About this task:
Print the records below exactly, from the line containing "Now you can" down to the line containing "Welcome to today's", both lines included, and omit every picture.

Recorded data
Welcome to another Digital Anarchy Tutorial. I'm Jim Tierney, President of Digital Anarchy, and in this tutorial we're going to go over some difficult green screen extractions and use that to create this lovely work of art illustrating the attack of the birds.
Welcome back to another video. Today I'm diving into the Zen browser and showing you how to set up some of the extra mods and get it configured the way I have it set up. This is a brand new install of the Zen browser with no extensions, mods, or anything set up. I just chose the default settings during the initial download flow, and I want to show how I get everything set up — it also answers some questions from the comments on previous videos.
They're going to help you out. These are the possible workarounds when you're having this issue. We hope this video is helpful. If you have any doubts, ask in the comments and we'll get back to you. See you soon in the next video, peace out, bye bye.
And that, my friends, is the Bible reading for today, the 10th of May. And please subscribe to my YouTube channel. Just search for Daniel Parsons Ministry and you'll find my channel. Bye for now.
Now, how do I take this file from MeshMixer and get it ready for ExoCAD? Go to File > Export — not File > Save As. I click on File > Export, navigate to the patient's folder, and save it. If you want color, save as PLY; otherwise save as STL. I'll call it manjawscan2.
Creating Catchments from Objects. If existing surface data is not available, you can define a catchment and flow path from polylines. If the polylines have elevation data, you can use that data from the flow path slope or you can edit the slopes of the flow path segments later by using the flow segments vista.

--

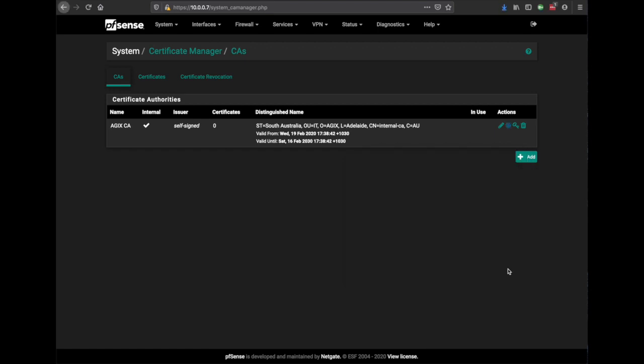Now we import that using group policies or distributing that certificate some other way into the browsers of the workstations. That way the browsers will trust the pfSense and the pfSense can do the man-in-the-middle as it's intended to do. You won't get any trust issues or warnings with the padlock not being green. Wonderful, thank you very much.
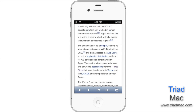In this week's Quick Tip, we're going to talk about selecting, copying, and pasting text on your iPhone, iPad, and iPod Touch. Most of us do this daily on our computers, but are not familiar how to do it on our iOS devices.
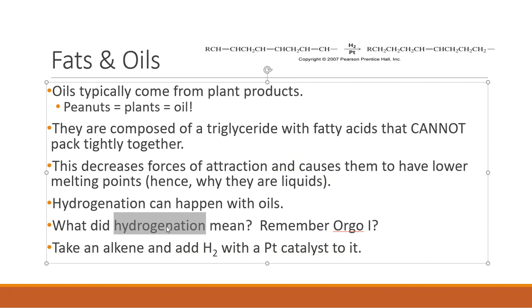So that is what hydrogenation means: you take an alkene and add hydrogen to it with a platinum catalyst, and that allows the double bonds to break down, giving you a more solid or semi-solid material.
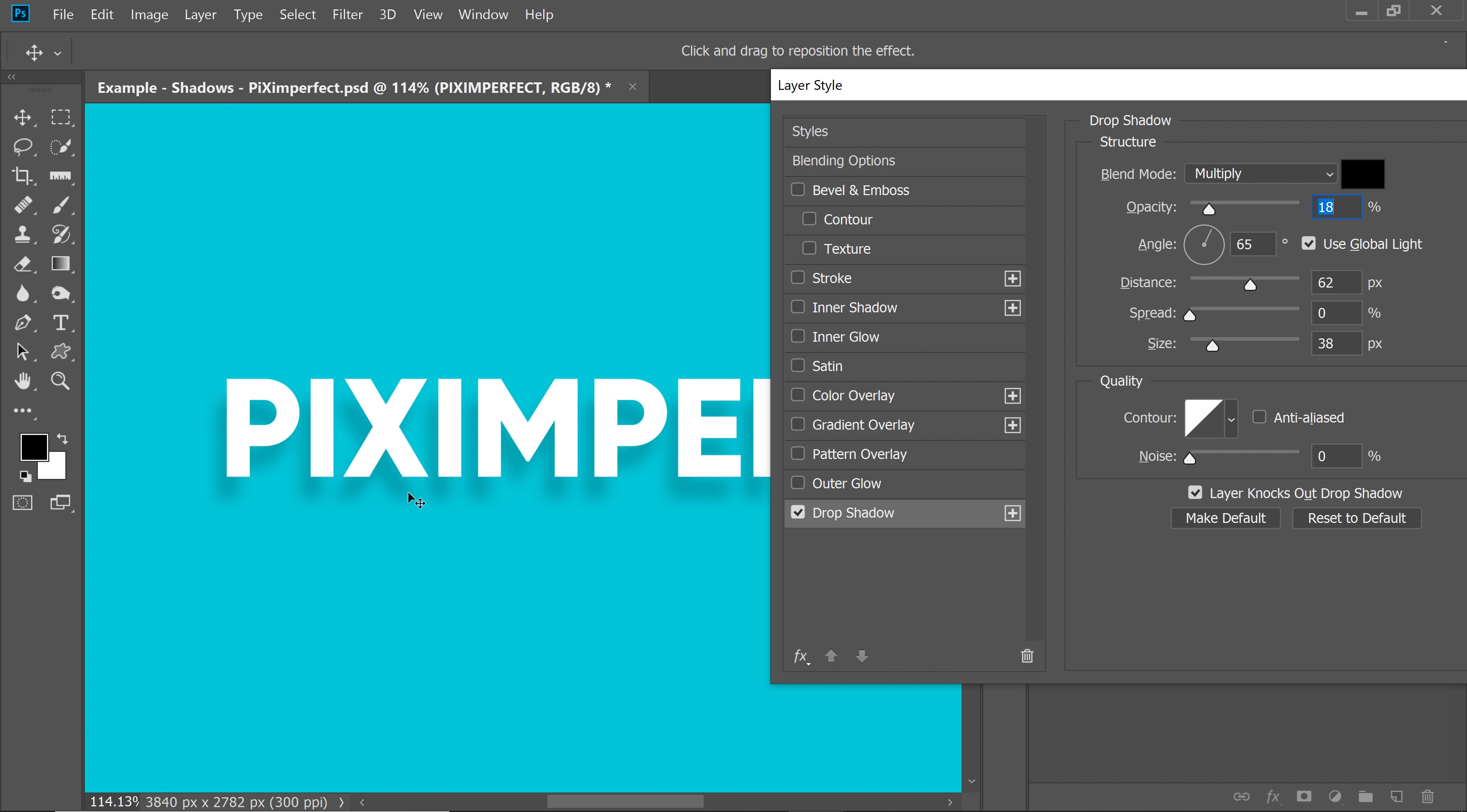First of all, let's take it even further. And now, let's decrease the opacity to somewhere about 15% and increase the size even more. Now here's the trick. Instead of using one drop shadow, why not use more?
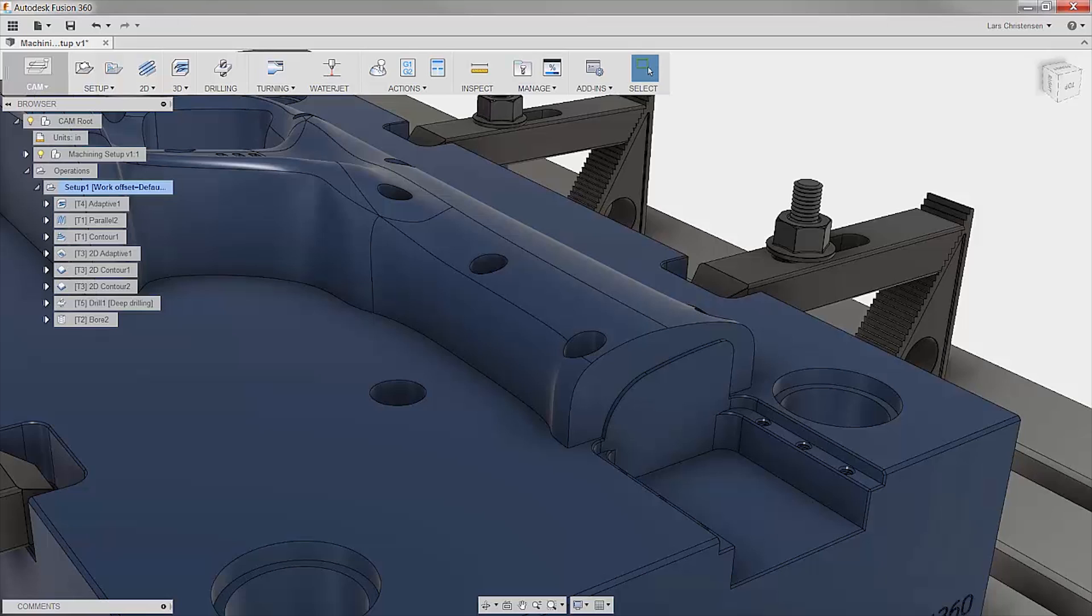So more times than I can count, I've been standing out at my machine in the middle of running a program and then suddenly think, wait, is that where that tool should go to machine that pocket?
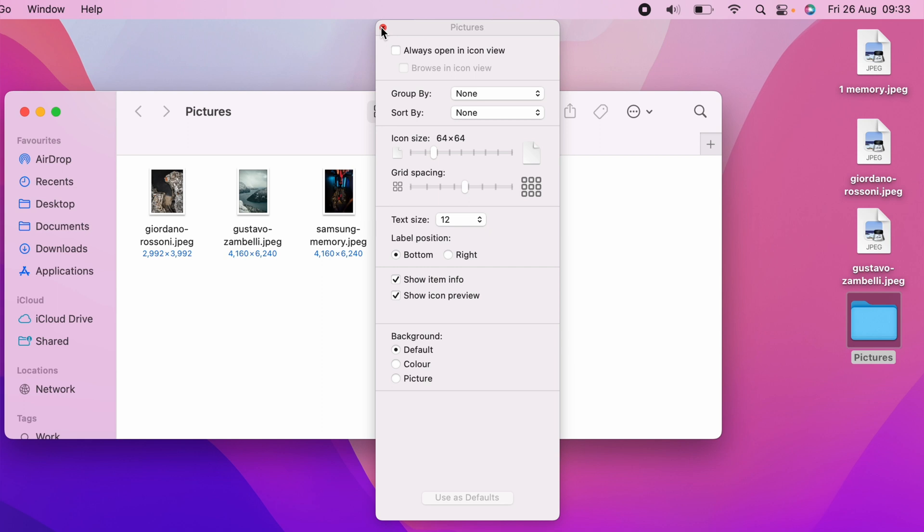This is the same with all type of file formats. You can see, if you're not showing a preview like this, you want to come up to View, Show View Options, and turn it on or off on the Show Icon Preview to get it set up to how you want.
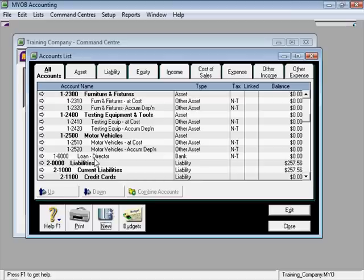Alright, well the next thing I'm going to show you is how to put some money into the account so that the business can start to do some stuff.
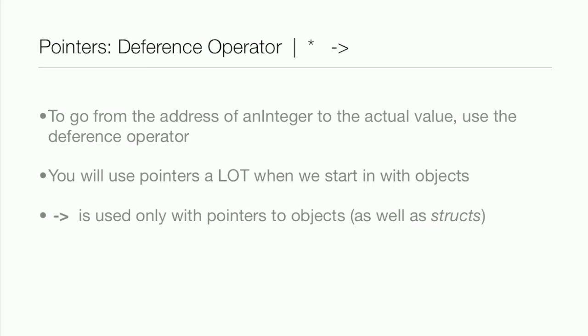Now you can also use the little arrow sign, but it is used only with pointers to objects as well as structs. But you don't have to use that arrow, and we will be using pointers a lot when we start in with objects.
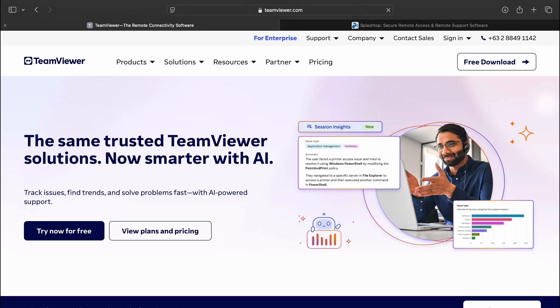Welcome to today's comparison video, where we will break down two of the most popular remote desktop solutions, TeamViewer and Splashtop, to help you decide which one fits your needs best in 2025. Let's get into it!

Your response:
Now you can also use the little arrow sign, but it is used only with pointers to objects as well as structs. But you don't have to use that arrow, and we will be using pointers a lot when we start in with objects.
Welcome to today's comparison video, where we will break down two of the most popular remote desktop solutions, TeamViewer and Splashtop, to help you decide which one fits your needs best in 2025. Let's get into it!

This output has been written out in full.